- [ASSIGNMENT] An exact copy of the records below is required, and it must contain no pictures.

- [TASK INPUT]

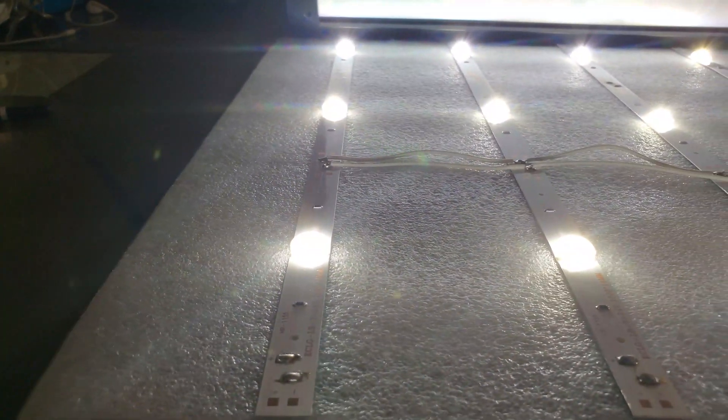So what is the replacement? What can you use in place of a signage module that gives you better output but at the same time reduces your costs? Introducing Rigid Bars.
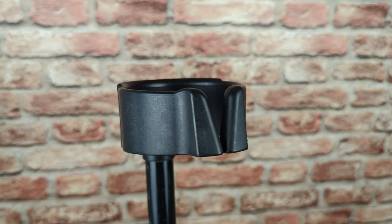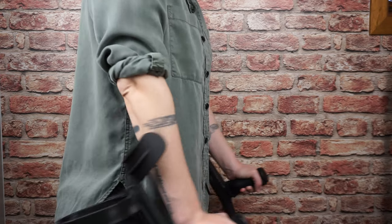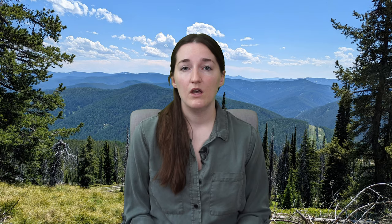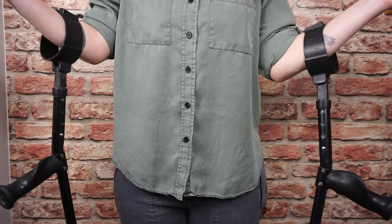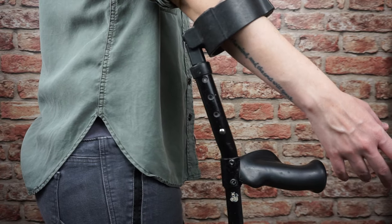If you are brand new to forearm crutches, I will briefly go over the different parts and features that crutches can have, but if you already know all of this, feel free to skip to the next chapter. Starting with cuffs — this is the part that goes around your forearm and it can either be an open or a closed cuff, where the closed cuff has that extra piece that goes all the way around the forearm. Open versus closed cuff style is really just a matter of preference. Open cuffs are great for people who want the freedom to quickly take your arms out of the crutches, whereas the closed cuff helps the crutch stay in place so you can move your arms around freely without having to worry about the crutches falling — for example, if you're opening a door or shaking someone's hand.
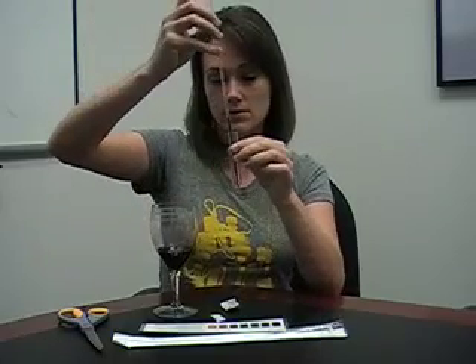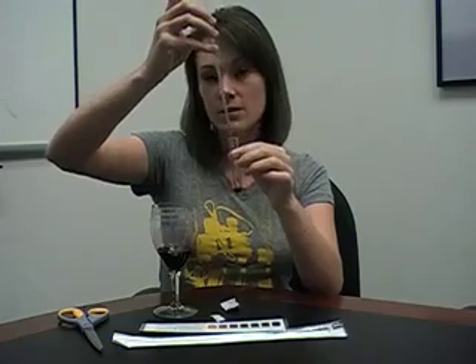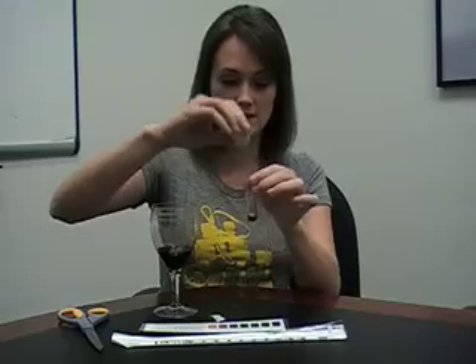Now you want to add the sample to the test tube, at the bottom of the test tube. You want it to be a 0.5 milliliter sample because the amount of wine in the sample really does affect how the outcome of the test comes out. Then take your Clinitest tablet that we so conveniently cut open already and just drop it into the test tube.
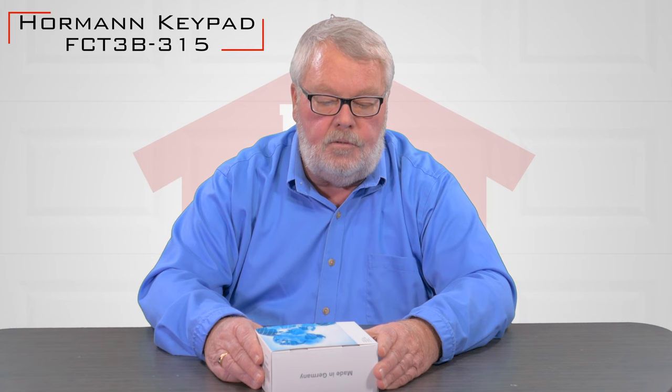Hi, I'm Mark from TheNorthShoreCommercialDoor.com. Today we're going to talk about a product made by the Horman Company LLC — it is a keypad that goes with their residential garage door openers.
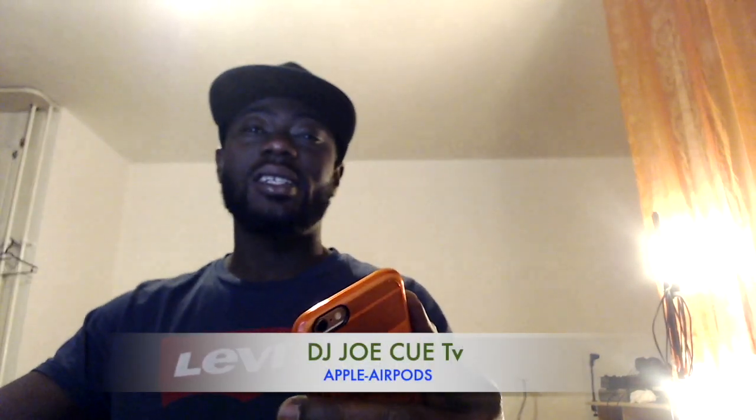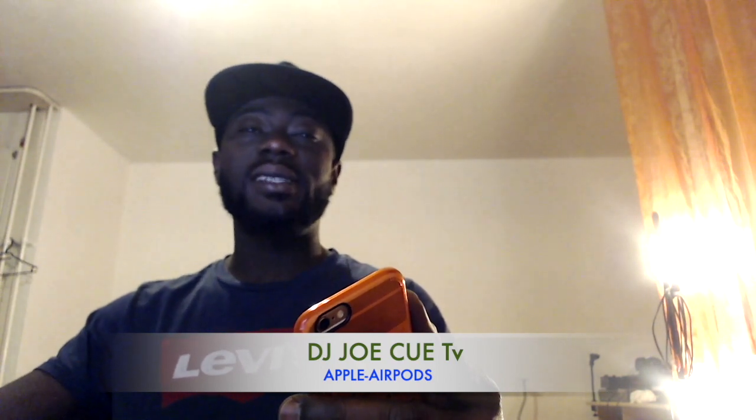Hello everybody, welcome back to DJ Jokyo TV. My name is DJ Jokyo and today I'm here with a different tip about AirPods. AirPods have become very common — people are using them to stream music online.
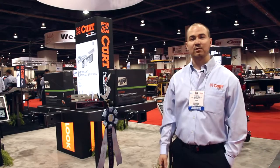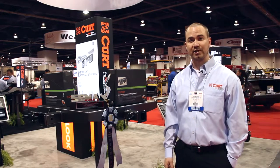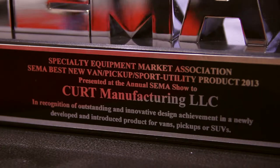At this display here we have our easy mount electrical brackets. We've introduced these products at the SEMA show this year and they actually won the New Product Showcase award for SUV truck accessories. So we're very proud of that.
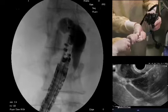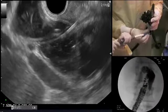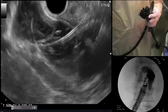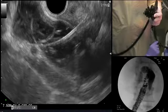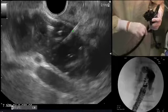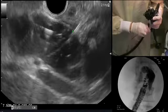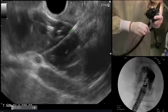Now we're ready to do an exchange. I'm going to lock this thumb screw back up and remove the FNA needle. Our next step will be to take our cystitome and advance it over the wire. I'm now advancing the cystitome over the wire, with my elevator closed so that I can feel when the cystitome hits the end. The nurse is giving traction on the wire, allowing me to advance.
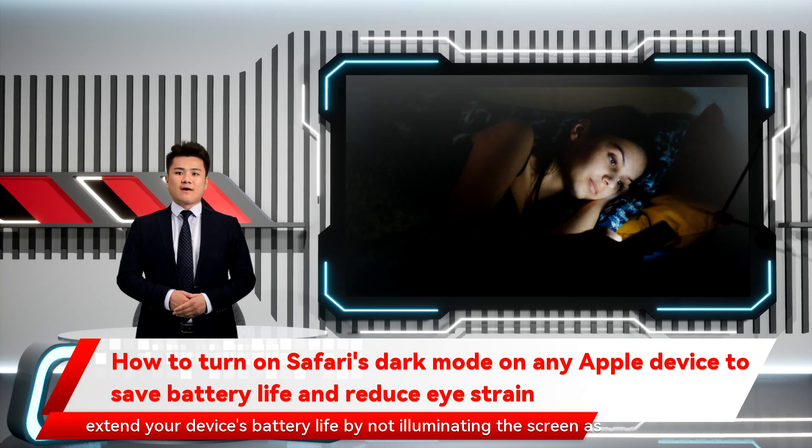It can even help extend your device's battery life by not illuminating the screen as brightly. Here's how you can turn on Dark Mode for the Safari browser on your Mac, iPhone, or iPad.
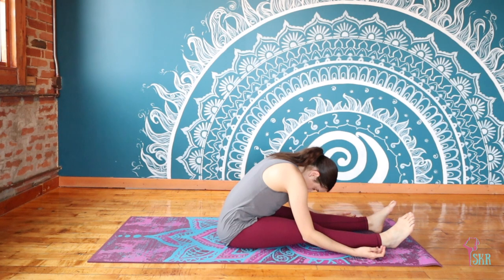Notice where you feel the lengthening the most. You may feel it through your hamstrings — I even feel it a little bit into my calves and my Achilles because I'm particularly tight today. You may also feel it up through your spine, maybe even into your neck. We're really stretching the entire posterior chain here. Take two more breaths.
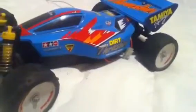Well, firstly, it's a Dirt Thrasher and it can easily hit 100mph plus. It's like an off-road one, but it can be used on road.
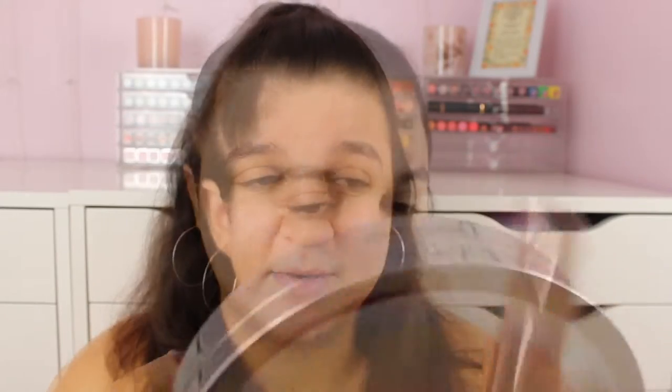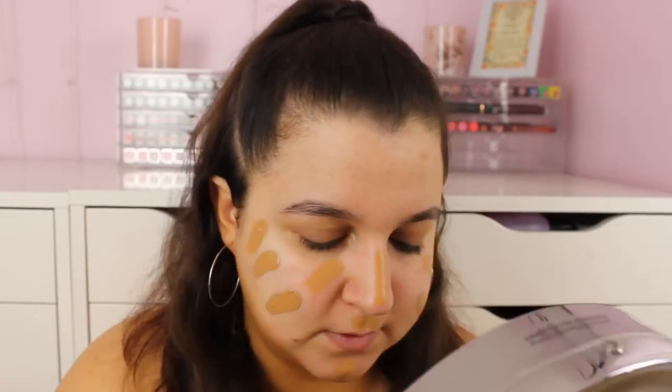Next is the foundation. I have the Revolution Conceal and Define in shade 12 — I also have 12.2 but I feel like that's too dark, so this is the one I'm going to use. If you have dry skin, I do not recommend this foundation because when my skin is dry it clings to dry patches quite easily, so really make sure you're wearing a hydrating primer and moisturiser, otherwise this foundation is not for you.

- [SOLVED EXERCISE]
So what is the replacement? What can you use in place of a signage module that gives you better output but at the same time reduces your costs? Introducing Rigid Bars.
If you are brand new to forearm crutches, I will briefly go over the different parts and features that crutches can have, but if you already know all of this, feel free to skip to the next chapter. Starting with cuffs — this is the part that goes around your forearm and it can either be an open or a closed cuff, where the closed cuff has that extra piece that goes all the way around the forearm. Open versus closed cuff style is really just a matter of preference. Open cuffs are great for people who want the freedom to quickly take your arms out of the crutches, whereas the closed cuff helps the crutch stay in place so you can move your arms around freely without having to worry about the crutches falling — for example, if you're opening a door or shaking someone's hand.
Now you want to add the sample to the test tube, at the bottom of the test tube. You want it to be a 0.5 milliliter sample because the amount of wine in the sample really does affect how the outcome of the test comes out. Then take your Clinitest tablet that we so conveniently cut open already and just drop it into the test tube.
Hi, I'm Mark from TheNorthShoreCommercialDoor.com. Today we're going to talk about a product made by the Horman Company LLC — it is a keypad that goes with their residential garage door openers.
Hello everybody, welcome back to DJ Jokyo TV. My name is DJ Jokyo and today I'm here with a different tip about AirPods. AirPods have become very common — people are using them to stream music online.
At this display here we have our easy mount electrical brackets. We've introduced these products at the SEMA show this year and they actually won the New Product Showcase award for SUV truck accessories. So we're very proud of that.
Now we're ready to do an exchange. I'm going to lock this thumb screw back up and remove the FNA needle. Our next step will be to take our cystitome and advance it over the wire. I'm now advancing the cystitome over the wire, with my elevator closed so that I can feel when the cystitome hits the end. The nurse is giving traction on the wire, allowing me to advance.
It can even help extend your device's battery life by not illuminating the screen as brightly. Here's how you can turn on Dark Mode for the Safari browser on your Mac, iPhone, or iPad.
Notice where you feel the lengthening the most. You may feel it through your hamstrings — I even feel it a little bit into my calves and my Achilles because I'm particularly tight today. You may also feel it up through your spine, maybe even into your neck. We're really stretching the entire posterior chain here. Take two more breaths.
Well, firstly, it's a Dirt Thrasher and it can easily hit 100mph plus. It's like an off-road one, but it can be used on road.
Next is the foundation. I have the Revolution Conceal and Define in shade 12 — I also have 12.2 but I feel like that's too dark, so this is the one I'm going to use. If you have dry skin, I do not recommend this foundation because when my skin is dry it clings to dry patches quite easily, so really make sure you're wearing a hydrating primer and moisturiser, otherwise this foundation is not for you.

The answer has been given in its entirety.